Meio ano após a publicação do Perraultimato, vejo-me forçado a reconhecer que a ideia não funcionou. Correndo escolas e feiras do livro de Norte a Sul do país, pude constatar que o tiro me saiu pela culatra, tanto no que toca às ilustrações interiores como ao estilo da capa. Os leitores partilhavam a quase unânime opinião de que as ilustrações em nada contribuíam para o livro e que, olhando para a capa, ficaram com a impressão de que eu me tinha mesmo lançado na literatura infantil. Por sua vez, os não-leitores pensaram que se tratava de facto de um livro para crianças ao olharem para a capa, e essa impressão apenas ficou reforçada pelas ilustrações quando folhearam as páginas. As mesmas opiniões foram-me veiculadas através de emails de leitores, muitos dos quais tinham já manifestado algumas reservas quanto ao conteúdo gráfico do Perraultimato mesmo antes do lançamento.

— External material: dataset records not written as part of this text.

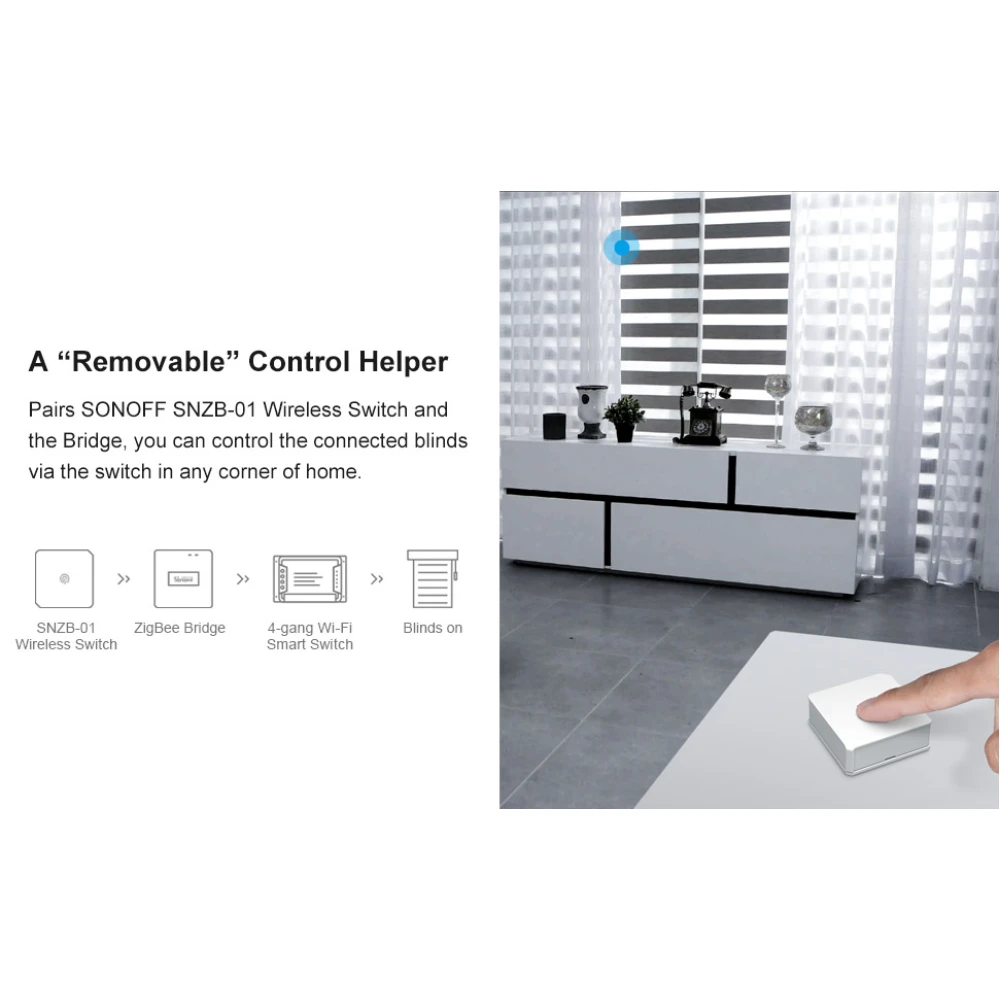 SONOFF ZBBridge: Zigbee most s WiFi podrškom i Alexa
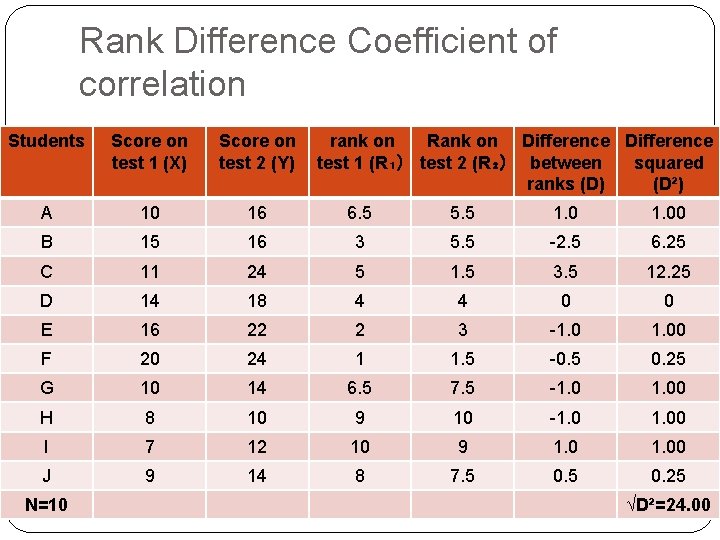 Rank Difference Coefficient of correlation Students Score on test 1 (X) Score on test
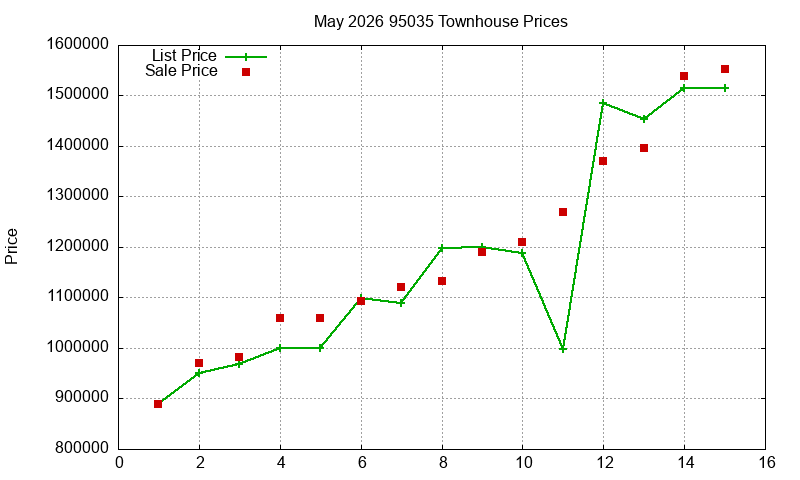 95035 Townhouses Just Sold 2026-05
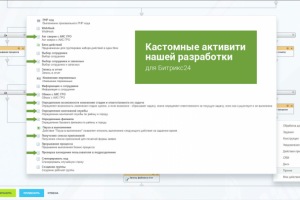 Кастомные активити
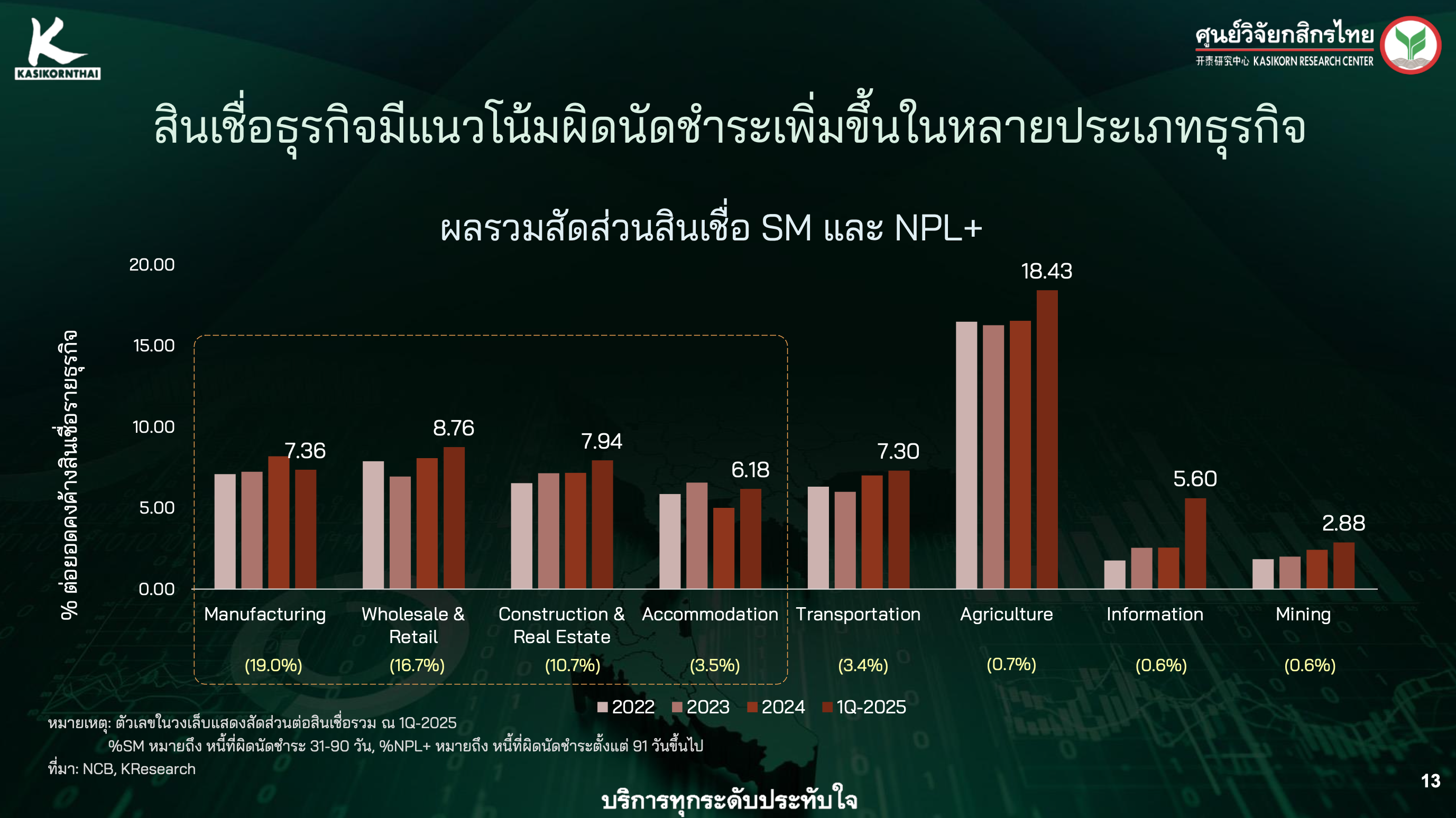 สินเชื่อธุรกิจ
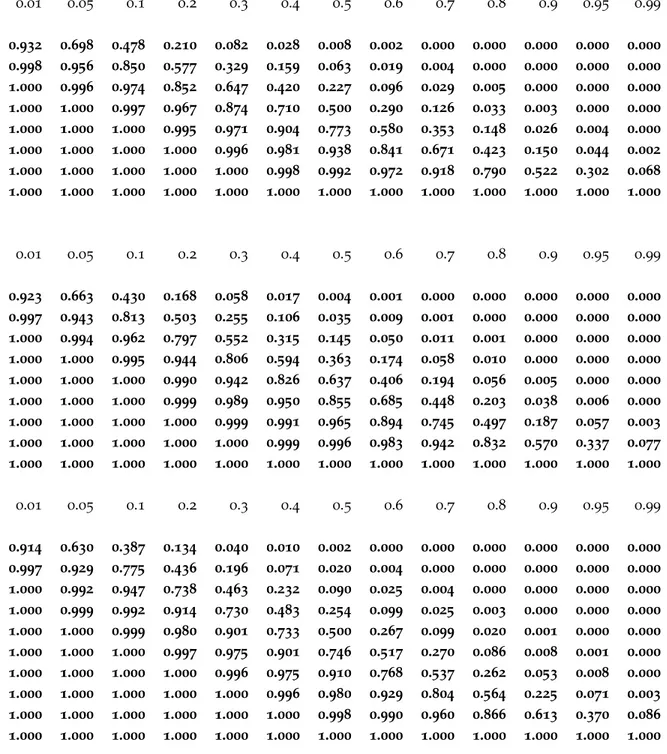 Tabella della distribuzione cumulativa binomiale per n = 7, 8, 9 n=7 p 0 .01 0 .05 0 .1 0 .2 0 .3 0 .4 0 .5 0 .6 0 .7 0 .8 0 .9 0 .95 0 .99 k 0 0.932 0.698 0.478 0.210 0.082 0.028 0.008 0.002 0.000 0.000 0.000 0.000 0.000 1 0.998 0.956 0.850 0.577 0.329 0.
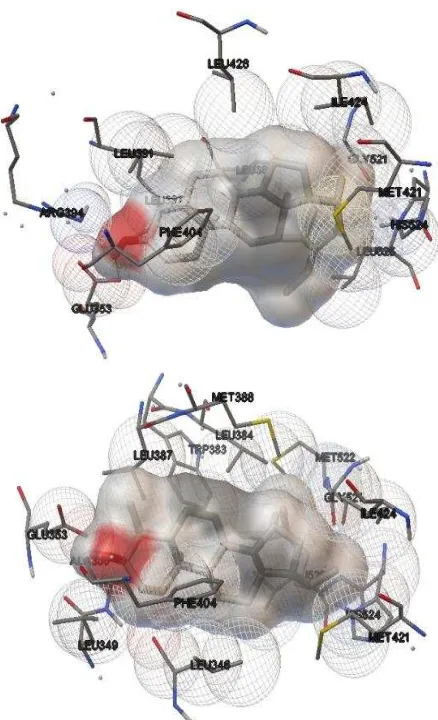 Gambar 3. Hasil docking senyawa 7-avenasterol dan β-sitosterol pada reseptor estrogen alfa 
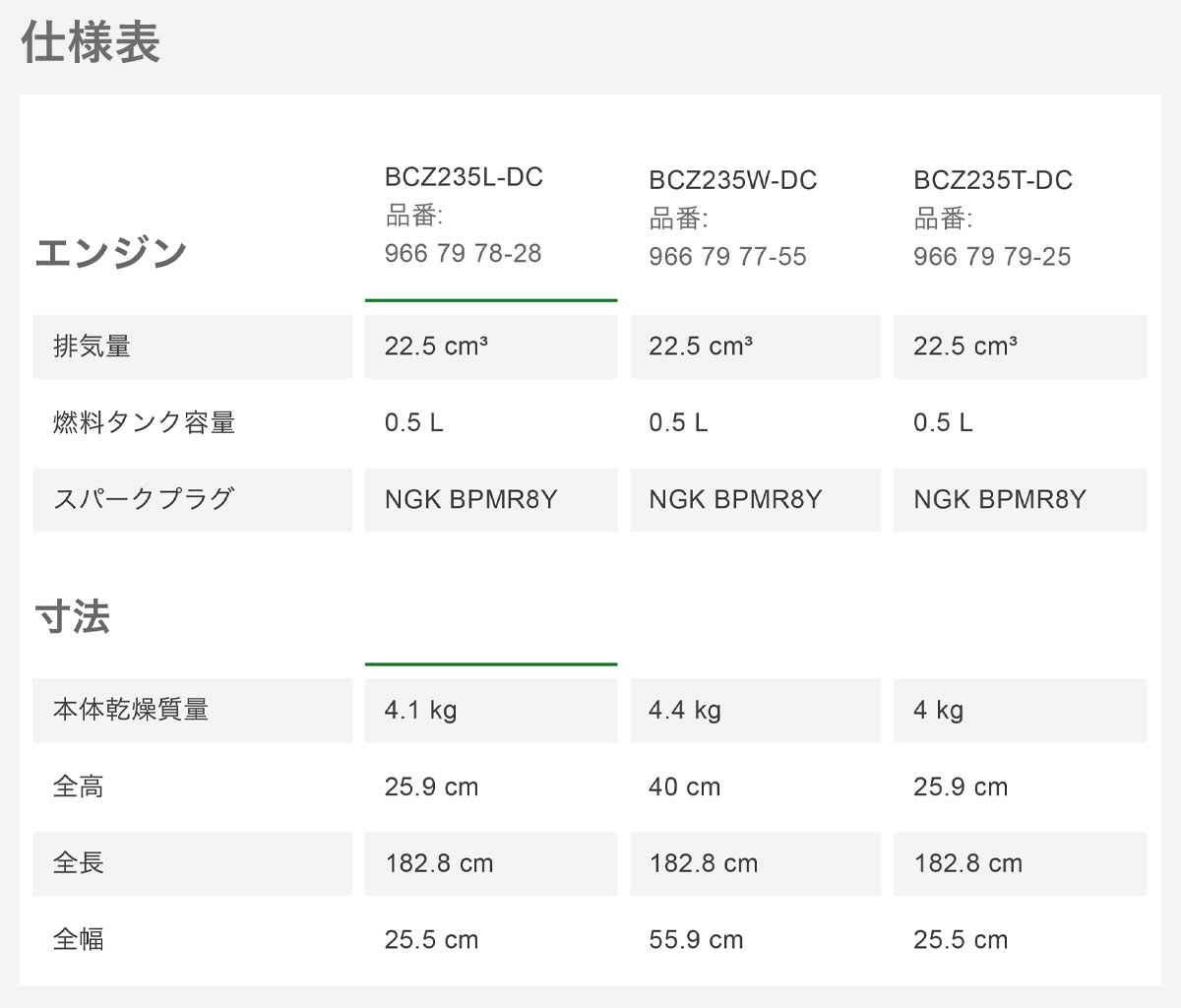 〈ゼノア〉刈払機 草刈機 肩掛け式 エンジン BCZ235W-DC 966797755 ハスクバーナ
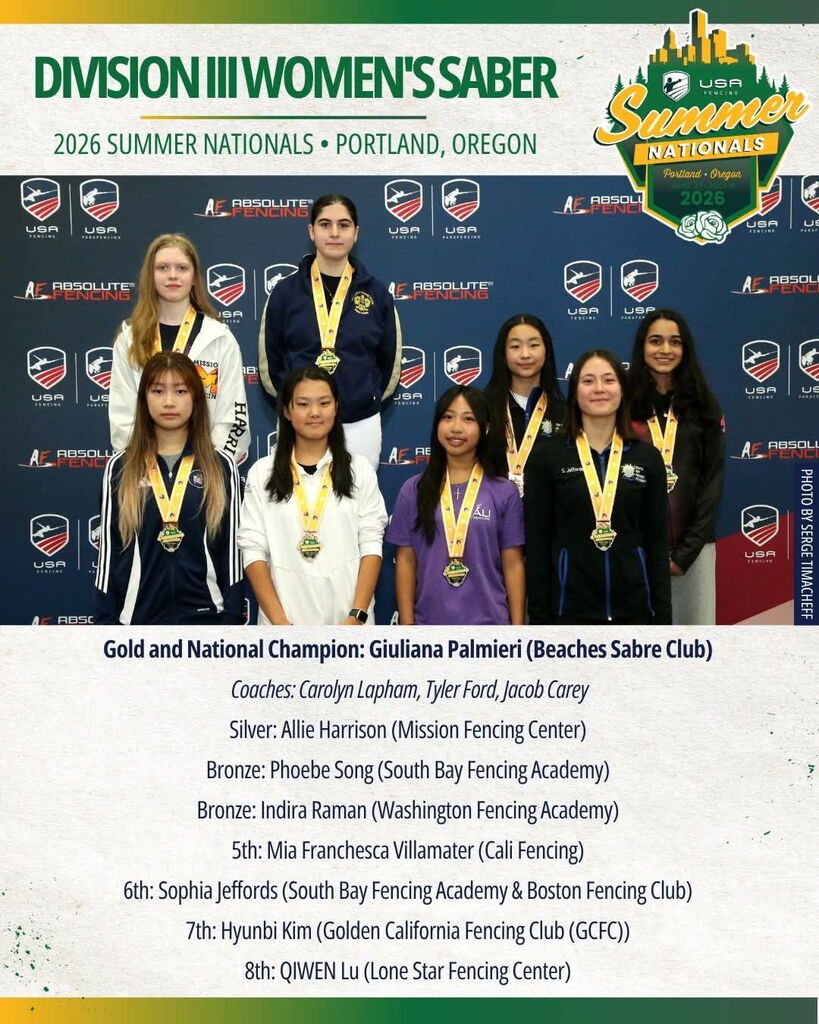 Division 3 women's saber championship results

Confrontado com essas evidências, tive de engolir o sapo que decididamente não se iria transformar em príncipe e fazer um mea culpa na Presença, onde desde o início me fora dado a entender que o melhor seria não brincar com as expectativas das pessoas. Feitas as desculpas e ouvidos os «nós bem te avisámos…», e uma vez que não se agradou a gregos nem a troianos, ficou decidido que os próximos livros da série não terão ilustrações, e o estilo das capas será bem diferente. No próximo dia 17 sairá também uma nova edição do Perraultimato, já com a nova capa, que aqui apresento:
Por motivos de ordem técnica (que é como quem diz «monetária») esta nova edição ainda conterá as ilustrações interiores, pois uma repaginação do manuscrito não foi posta na mesa nesta altura. Edições subsequentes deste livro e os restantes volumes da colecção não terão quaisquer ilustrações, e o modelo das capas será doravante este. Para todos os leitores que, tal como eu, têm tendências obsessivo-compulsivas na arrumação dos livros na prateleira, as minhas desculpas. Ter uma prateleira com uma fila de lombadas dissonantes não é, decididamente, nada giro…
Nota: Que isto não se entenda como um repúdio do trabalho do ilustrador Pedro Potier, cujo profissionalismo só tenho de enaltecer. A ideia foi minha, fui eu quem pugnou por ela contra o entendimento de quem é mais entendido que eu nestas matérias, e ele limitou-se a fazer aquilo que pedi. Erro meu, responsabilidade minha.